Hi,
I have a question about the way to safely kill or recover stacked nodes.
let me explain how I was in trouble and what is the question.
☆ The way I was in trouble
- DB is stucked during the benchmarking. (I saw lock wait timeout warning from the bench marking apllication)
processlist of Master (Node for update) is as follows
mysql> show processlist;
±—±------------±--------------------±-----±--------±------±---------------------------±----------------------±----------±--------------±----------+
| Id | User | Host | db | Command | Time | State | Info | Rows_sent | Rows_examined | Rows_read |
±—±------------±--------------------±-----±--------±------±---------------------------±----------------------±----------±--------------±----------+
| 1 | system user | | NULL | Sleep | 14292 | wsrep aborter idle | NULL | 0 | 0 | 0 |
| 2 | system user | | NULL | Sleep | 14292 | NULL | NULL | 0 | 0 | 0 |
(…)
| 32 | system user | | NULL | Sleep | 14263 | NULL | NULL | 0 | 0 | 0 |
| 33 | system user | | NULL | Sleep | 14263 | NULL | NULL | 0 | 0 | 0 |
| 37 | tpcc | 192.168.10.45:41469 | tpcc | Killed | 12945 | wsrep in pre-commit stage | commit | 0 | 0 | 0 |
( many thread of pre-commit stage threads )

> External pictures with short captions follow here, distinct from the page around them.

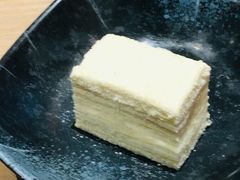 -耶里夏丽·新疆菜(东方路店)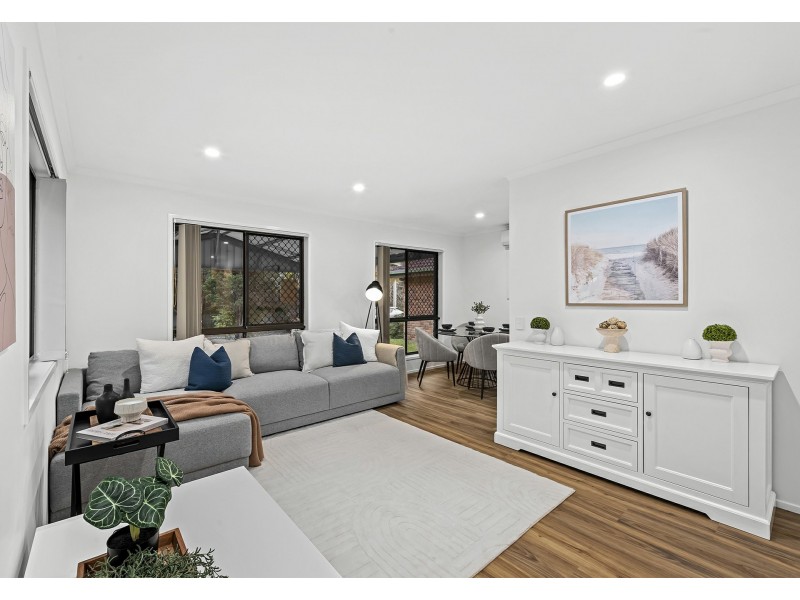 111 Landseer Street, Sunnybank Hills QLD 4109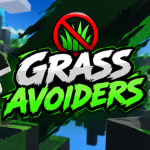 Grass Avoiders
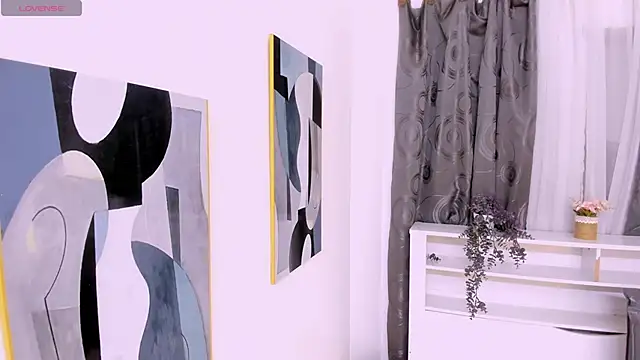 Mistt_Mia's cam snapshot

| 42 | tpcc | 192.168.10.45:41474 | tpcc | Query | 12945 | wsrep in pre-commit stage | commit | 0 | 0 | 0 |
(…)
| 69 | root | localhost | NULL | Query | 7669 | Preparing for TO isolation | create database test1 | 0 | 0 | 0 |
| 72 | root | localhost | NULL | Query | 0 | sleeping | show processlist | 0 | 0 | 0 |
±—±------------±--------------------±-----±--------±------±---------------------------±----------------------±----------±--------------±----------+
55 rows in set (0.00 sec)
Id 69 is query so that I confirm whether I can update DB. ( this query seems to be stucked )
- So I checked transaction state by referencing select * from information_schema.innodb_trx;
** transaction of master node is empty (this is OK)
mysql> select * from information_schema.innodb_trx;
Empty set (0.00 sec)
** transaction of slave nodes is not empty and seems to be stucked. (this also is OK).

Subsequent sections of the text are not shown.